NUSA TENGGARA BARAT — Pemerintah Provinsi Sulawesi Selatan resmi menerapkan pembatasan pengisian bahan bakar bersubsidi melalui Surat Dinas ESDM Sulsel Nomor 670/2478/DESDM tertanggal 12 September 2026. Kebijakan ini menyasar seluruh SPBU di wilayah Sulsel dengan tujuan utama memangkas antrean panjang yang terjadi beberapa waktu terakhir.
Mekanisme Ganjil-Genap Berdasarkan Pelat Nomor
Kendaraan dengan pelat berakhiran angka ganjil hanya dilayani di tanggal ganjil. Sebaliknya, pelat bernomor genap baru bisa mengisi BBM subsidi pada tanggal genap. Skema ini berlaku di semua SPBU di Sulawesi Selatan tanpa terkecuali.
Plt Kepala Dinas ESDM Pemprov Sulsel, Kasman, menyatakan aturan tersebut diterapkan untuk mengurai antrean. "Penerapan sistem ganjil genap pengisian BBM subsidi untuk mengurai antrean. Sistem pengisian berdasarkan pelat nomor kendaraan ganjil-genap di seluruh SPBU di Sulsel," ujarnya dalam surat dinas tersebut.

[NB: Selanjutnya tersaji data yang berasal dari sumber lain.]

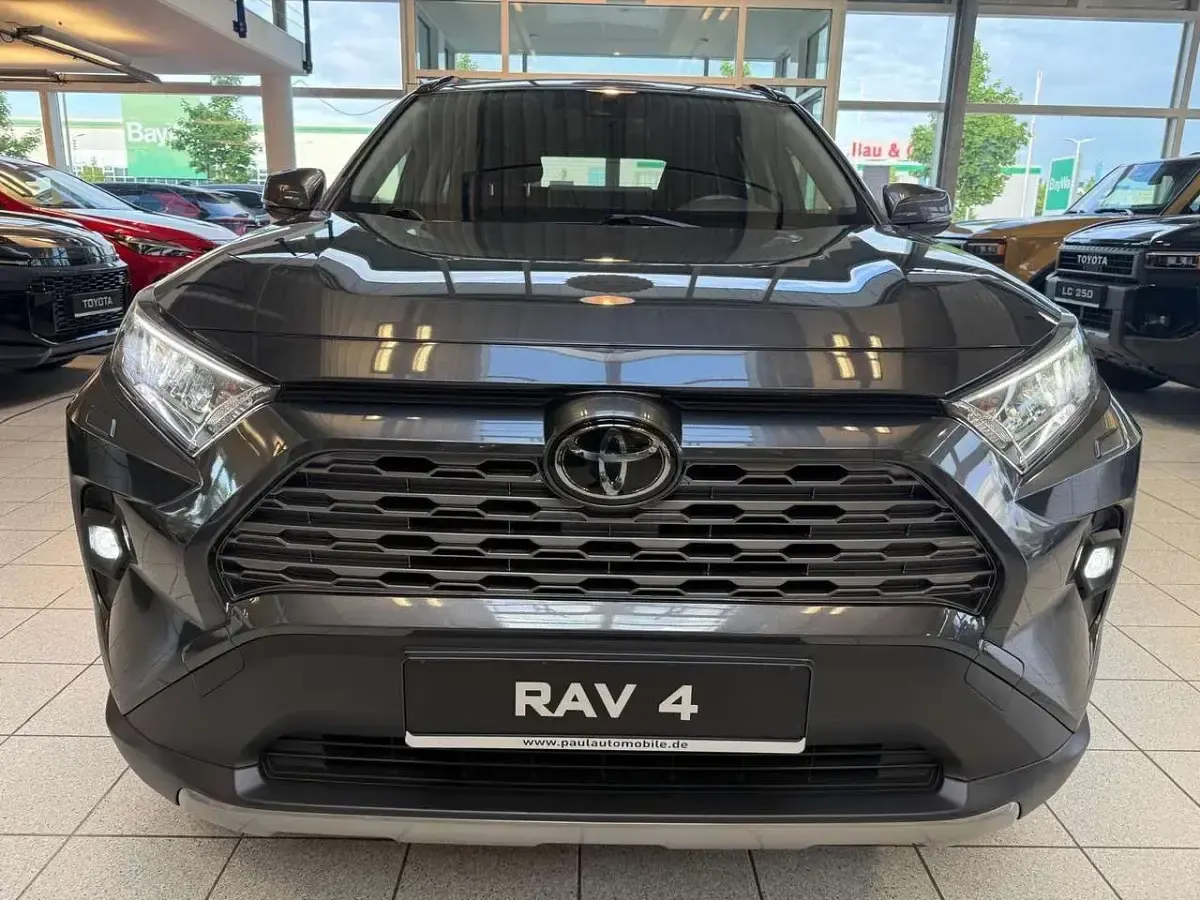 Gebraucht Toyota RAV4 175 PS (128 kW) 2023 Grau SUV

Ojol dan Taksi Online Bebas Aturan, dengan Syarat
Pengemudi angkutan daring mendapat pengecualian khusus. Mereka tetap bisa mengisi BBM subsidi meski pelat nomornya tidak sesuai tanggal ganjil atau genap. Syaratnya, pengemudi wajib memperlihatkan aplikasi ojol dan atribut yang melekat saat mengisi di SPBU.
Senior Supervisor Commrel Pertamina Patra Niaga Regional Sulawesi, Okky Aditya Wibowo, memastikan kebijakan ini merespons aspirasi para pengemudi. "Kami sampaikan untuk teman-teman ojol pengisian di SPBU bisa langsung mengisi tanpa aturan ganjil genap, tapi wajib menunjukkan aplikasi dan atribut ojolnya," kata Okky.

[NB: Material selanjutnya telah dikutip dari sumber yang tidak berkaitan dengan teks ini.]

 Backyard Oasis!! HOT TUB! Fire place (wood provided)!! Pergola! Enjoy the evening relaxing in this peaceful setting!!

Pengecualian ini mempertimbangkan pola kerja ojol yang bisa mengisi BBM lebih dari dua kali sehari, baik roda dua maupun roda empat. Rute mengantar penumpang dan barang dinilai wajar menjadi dasar pengecualian tersebut.
Batas Pembelian dan Syarat Indikator Bensin
Pembatasan nominal pembelian tetap diberlakukan. Sepeda motor maksimal mengisi Rp 50 ribu, sedangkan mobil dibatasi Rp 300 ribu per pengisian.

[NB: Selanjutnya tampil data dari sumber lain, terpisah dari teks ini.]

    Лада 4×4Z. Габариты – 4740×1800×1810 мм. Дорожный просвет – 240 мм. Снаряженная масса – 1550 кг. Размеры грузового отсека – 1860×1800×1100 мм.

Kendaraan pribadi juga hanya diperbolehkan mengisi BBM subsidi jika indikator bahan bakar di odometer menunjukkan satu bar ke bawah. Aturan ini dimaksudkan mencegah panic buying dan pengisian berulang di hari yang sama.
Berlaku Sepekan, Dievaluasi Setelah 20 September
Kebijakan ganjil-genap ini hanya berlaku hingga 20 September 2026. Setelah tanggal tersebut, pemerintah daerah akan mengevaluasi efektivitasnya dalam menekan antrean di SPBU Sulawesi Selatan.
Bagi pemilik kendaraan pribadi di Sulsel, ada baiknya mengecek tanggal sebelum menuju SPBU. Salah menghitung ganjil-genap berarti peluang mengisi BBM subsidi harus ditunda ke hari berikutnya.